# What Do I Need to Start a custom printing business using heat transfers?



## lin94 (Jan 1, 2012)

Hello friends of the beloved, I am new to this forum
I want to open a shop to do design on t-shirts, blouses,
I want to know What are the needs, What are the most needed equipment
I have a budget of € 1400,

Thank you in advance for your help.

Thank you

p.s
I live in South east europe


----------



## YashBoone (Nov 13, 2011)

Are you going to be printing your own designs or doing printing for other people with their designs ?


----------



## lin94 (Jan 1, 2012)

*Re: What Do I Need to Start*

other people with their designs

thanks


----------



## YashBoone (Nov 13, 2011)

Well, i mean, for starters, this is a big question that involves other factors such as:
What method of printing will you use?
Will you have the customers decide what method they want?
Also, what kind of budget are you working with?
This is just to name a few


----------



## YashBoone (Nov 13, 2011)

Sorry, I just saw you budget.


----------



## charles95405 (Feb 1, 2007)

*Re: What Do I Need to Start*

I don't know the products available in EU, I think you are seriously under funded to open a shop where you have rent, utilities etc plus having enough to support yourself while getting up to speed, say at least a year or 18 months or so


----------



## ryan barker (Jul 21, 2011)

*Re: What Do I Need to Start*

absolute bare-bones would be a computer and software that can handle artwork, a heat press, and some shirts. you would come up with a design for your customer and send the artwork to an appropriate screenprinter to have plastisol transfers (which for all intents and purposes are just like screenprinting) made, then heat press them onto your substrate. you don't make as much, but you also don't have to buy any substantial equipment, learn how to use it, and perform the actual work.


----------



## JEMEPEEL (Jan 8, 2012)

*Re: What Do I Need to Start*

I say do lots of research.
Asking on this forum is helpful, and I've seen a lot of great answers. 
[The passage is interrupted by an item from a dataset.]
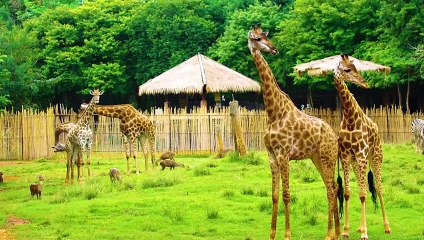 Flora & Fauna of Africa Part-2.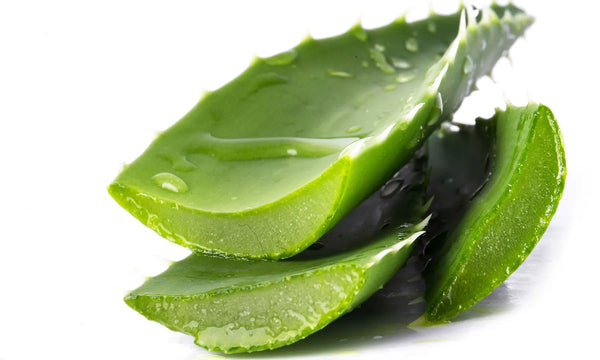 Aloe Vera als Hausmittel gegen geschwollenes Zahnfleisch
But in the end, you still have to do lots and lots of research. Before I started my brand, I think it took me a few months of research before I was sure I wanted to get started.


----------



## ryan barker (Jul 21, 2011)

*Re: What Do I Need to Start*

you can also look into buying used equipment, say from ebay. much of the equipment you can actually build yourself if you're so inclined. ryonet has some starter kits, so you can get into actual screenprinting for your budget, but we're hardly talking the works with perks here. 
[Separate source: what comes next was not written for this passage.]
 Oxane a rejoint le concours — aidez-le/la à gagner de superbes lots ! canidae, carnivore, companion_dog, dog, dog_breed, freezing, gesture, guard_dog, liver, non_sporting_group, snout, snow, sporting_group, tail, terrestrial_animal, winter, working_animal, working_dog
with your budget, i would take my aforementioned approach and use your money to develop a nice site and do some marketing/advertising and leave having an actual storefront on the back burner for now as 1400 euros would barely cover one month's rent plus deposit in a lot of places. (where i'm at, you could find a place, but it wouldn't be anyone's ideal location by any means.)


----------



## Tshirtgang (Dec 28, 2010)

*Re: What Do I Need to Start*

The hardest part is to get started as you can get wiped out financially very fast. The best advice I would give is to find yourself a printing fulfillment partner so you can farm out all your orders. By doing this at the start you avoid having to purchase expensive equipment and can focus mainly on the sales. The profit margins may be lower but your risk will be minimal. Eventually if your orders increase you can start putting aside some money to eventual purchase your own equipment.


----------



## lin94 (Jan 1, 2012)

*Re: What Do I Need to Start*

thanks all.

but i look in many site:
for Heat Press. exemple: ricoo.eu

but i dont know 

do I need for any Printer 

and any Vinly Cutter ?

can you tell me 
Can i Start: With HeatPress,Printer ink and vinly cutter ?

sorry for my bad english.


----------



## michellepatrik (Jan 8, 2012)

*Re: What Do I Need to Start*

Hi,I opened my small shop with a roland second hand and a heat press(also second hand)lucky me both are great.After that i bought an oki printer but no toner on it, so slowly put the money together and fill it up(about 280 euro in Greece). For one or to color custom print up to 30 pieces vinyl is perfect for me, for photo print i use my oki, and after that i give out to screen print or embroidery. You can start with a vinyl cutter and a heat press, and also do vinyl signs an wall decals.Try to look far used one.My Roland is 1.20m and it cost 1000 euro and the heat press it cost about 900 but was like new and the same model from the dealer was about 1800.You can find cheaper.
T-shirt business give money , but you have to be opened mind and and try to be cheep .For eastern Europe is dificult now .
Have a good luck!!!


----------



## michellepatrik (Jan 8, 2012)

*Re: What Do I Need to Start*

There is other solution for cheep ink printer.
I have an epson 21 (a4 format) and you change the cartridge with a solvent or dye ink.Here in Greece are many suppliers for that. The print are good, not excellent .


----------



## lin94 (Jan 1, 2012)

*Re: What Do I Need to Start*

Dear Friends 
Is it ALL i Need or I need more....


Uploaded with ImageShack.us

*What products can be made with this?*


----------



## ryan barker (Jul 21, 2011)

*Re: What Do I Need to Start*

with this package you could do sublimation on substrates that has been treated with polyester that accepts the sublimation ink. shirts would need to be polyester. the good thing is tons and tons of products can be made using the sublimation process. however, the ink and paper can get pricey, and there are often maintenance issues using this ink with the printer getting clogged. it doesn't print white, either.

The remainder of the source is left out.